Son zamanlarda yaşadığımız Kütahya-Simav ve Elazığ-Maden Depremlerinde can kaybı olmaması en büyük tesellimiz oldu. Can kaybı olmadı ve biz teselli olduk diye oradaki vatandaşlarımızı da unutmamak gerekir. Elazığ da depremden etkilenen köyleri incelerken çadır köylerle karşılaştık. Kızılay’ın çadırlarını görmek insanı bir anlamda mutlu ediyor. Çünkü Devlet güvenini hissediyorduk.

Sarıkamış Köy’ünde caminin hasarlı minaresini inceledikten sonra köyün içinde ağır hasarlı yığma yapılara rastlıyorduk. Kullanılamaz durumdaki ve de kullanılmaması gereken bu yapılardan birinde günlük hayatını geçirmeye çalışan yaşlı bir teyzemize rastladık. Aklımıza ilk gelen acaba çadır alamadı mı, sorusu oldu.
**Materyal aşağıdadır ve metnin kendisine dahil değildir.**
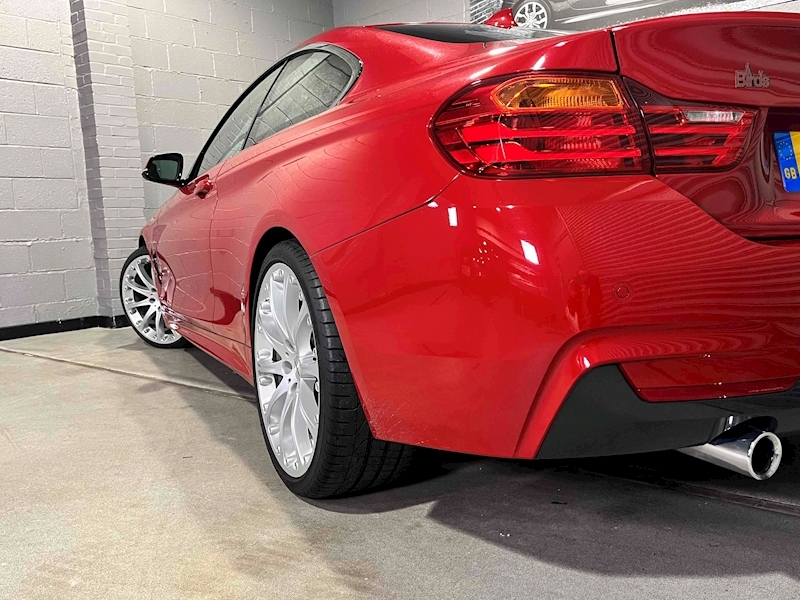 BMW 3.0 435i M Sport Coupe 2dr Petrol Manual Euro 6 (s/s) (306 ps)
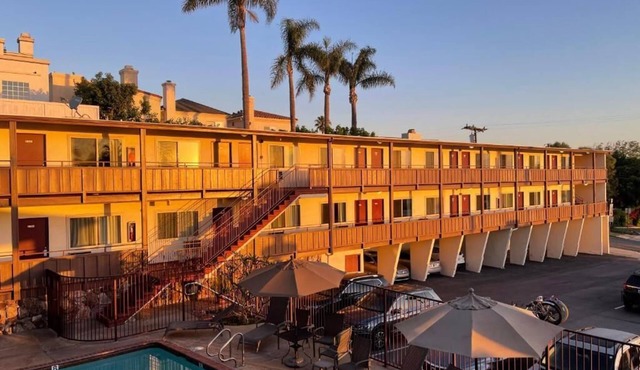Seahorse Inn Manhattan Beach - LAX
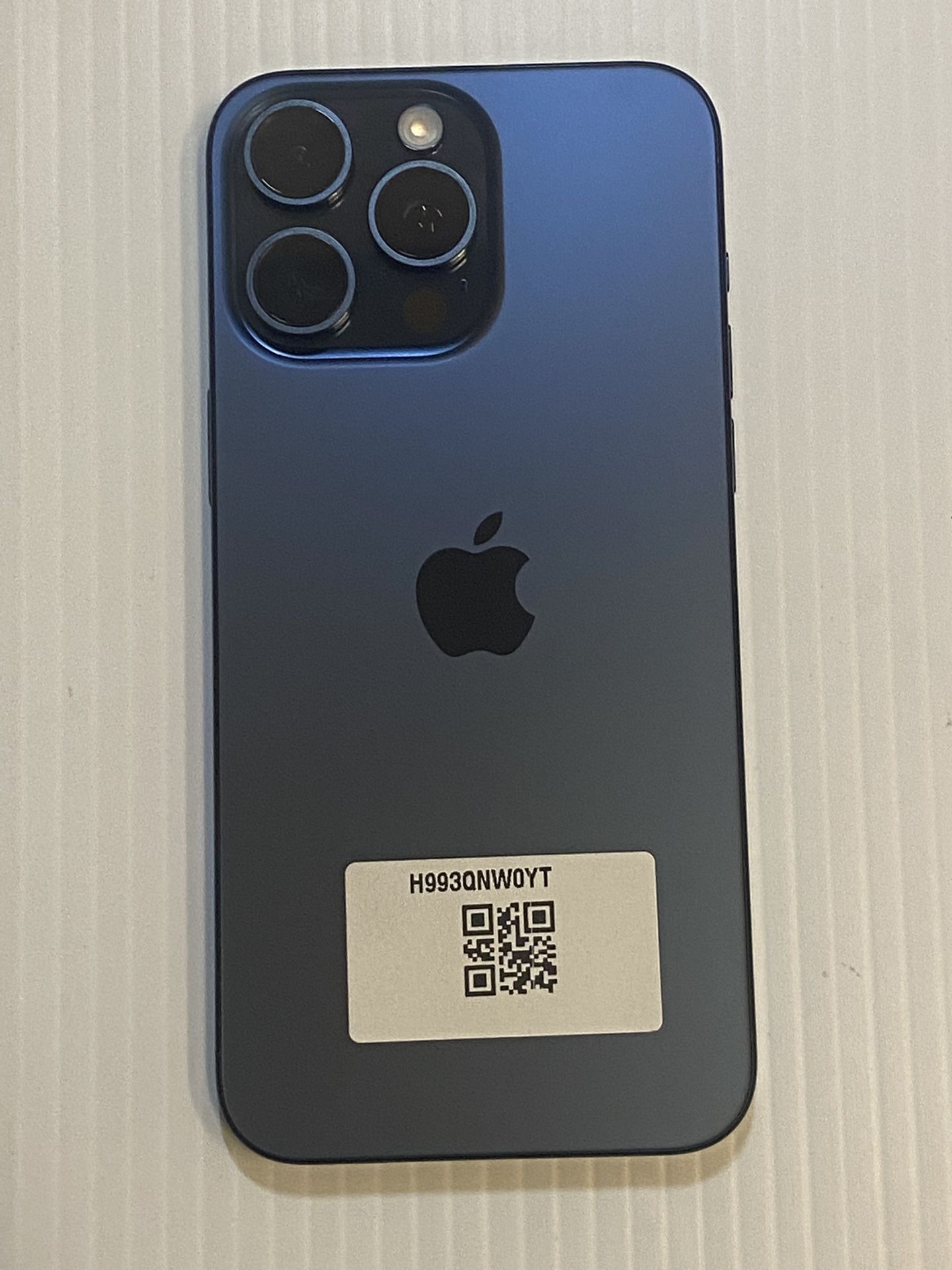 iPhone 15 Pro Max 256GB Fully Unlocked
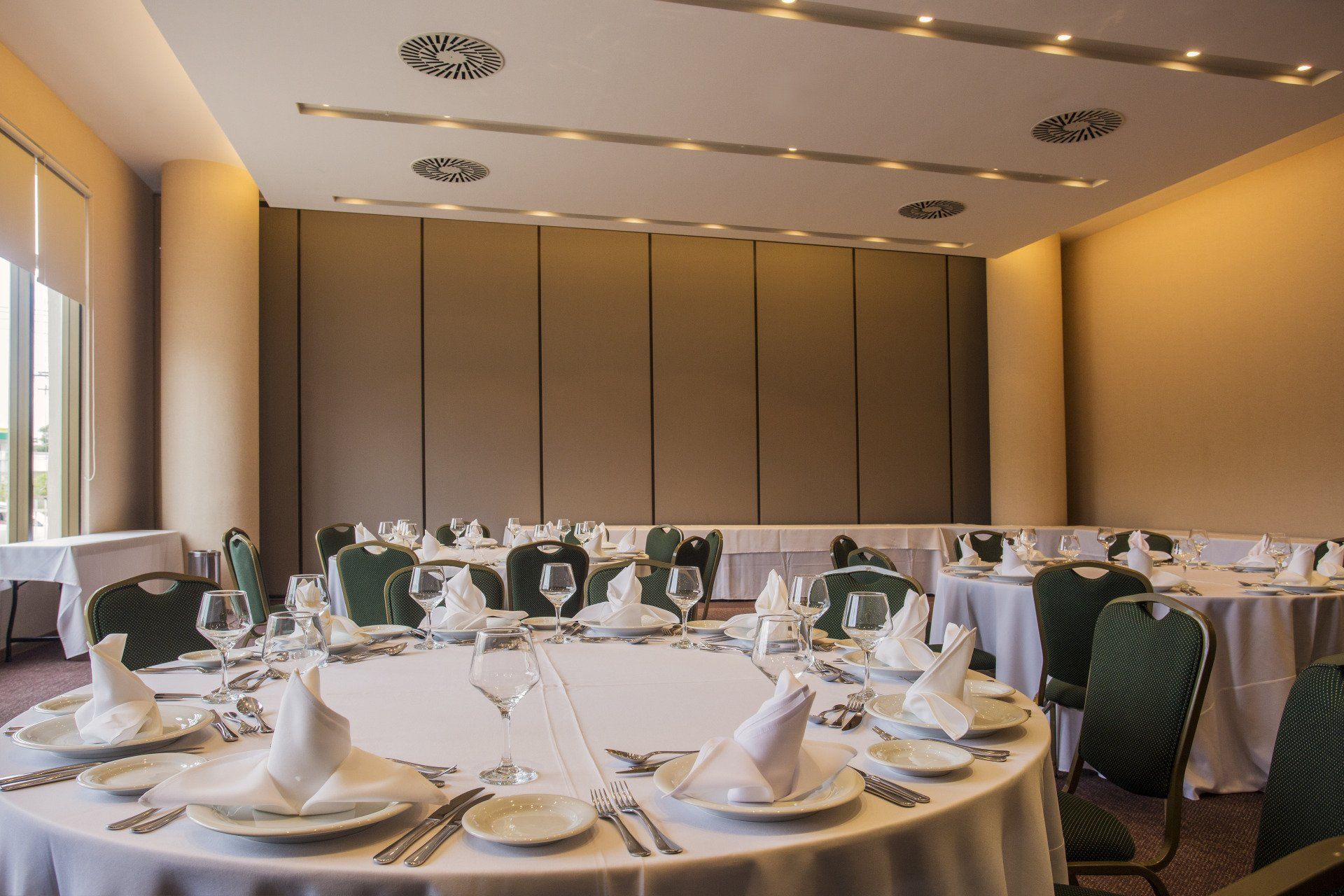 Eventos - Bourbon Assunção Convention Hotel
Bu konuda kendisine yardımcı olmak isteğimizi daha dile getirmeden hemen ilerideki çadırın kendisine ait olduğunu söyledi ve ardından ekledi: “Geceleri çadırda kalıyorum ancak evsiz olmuyor, gündüzleri evimi kullanıyorum”.

Malumunuz deprem sabah 10:34 civarında meydana geldi. Demek ki deprem gece olacak diye kesin bir şey söz konusu değil ancak buna rağmen birçok aile ağır hasarlı evleri kısmi de olsa kullanmaya devam ediyor. İnsanın evi, üzerindeki çatı kendisine ayrı bir güven veriyor. Çadırda aynı güvenin hissedilmediği aşikâr.

Tatil yerlerinde çadır kurmak için kamp alanları vardır. Çadır kurulup, tatil yapılacak bu bölgede giriş çıkışlar kontrol altındadır yani güvenliklidir. WC, banyo ve diğer imkânlar tesis tarafından en iyi şekilde sunulmaya çalışılır çünkü vatandaş beğenmezse bir sonraki sene gelmeyeceği gibi kamp tatilini de kötüleyecektir. Bu durum sektörün her sene kötüye gitmesi anlamına taşır. Depremden sonra çadırda yaşayan insanlar ise tatilde değil sokak ortasındalardır.

Benim yapabileceğim sadece konuyu dile getirmektir. Bu konu ile ilgili bilim dalları depremden sonraki çadır hayatlarını kitap haline getirebilirler. İnsanların o duygularını bilmek belki bizi depreme karşı alınacak tedbirler ve yapıların yenilenmesi hususunda daha duyarlı hale getirir.

Simav’da olan depremden sonra neredeyse ilçenin tamamı çadırlarda yaşıyor. Her gün deprem olmaya devam ediyor. O çadırlarda; hayata gözlerini yumanları, hayata yeni gözlerini açanları, geleceğini belirleyecek sınavlara girmiş, önümüzdeki hafta kamu personeli olmak için sınavlara girecek gençleri, duygularını, isteklerini, kendilerini göz ardı edip çocukları için çırpınan anaları, babaları, bugünleri inşallah devletimizin gücü ile atlattıktan sonra ruhlarında bugünlerden kalmış derin yaraları olan insanlarımızı görmek, anlamak veya en azından anlamaya çalışmak gerekir. Eğer bu empatiyi kurabilirsek bir dakika bile beklemeden yapı güvenliği hususundaki çalışmaları başlatacağımıza inanıyorum.

Depremle ilgili son sözümüz hep aynı: “Medeniyet seviyesi yüksek, gözünü yıllar sonrasına dikmiş, hedefleri ve büyük projeleri olan toplumlar, depremde en güvenli mekânları kendi evleri olan toplumlardır”.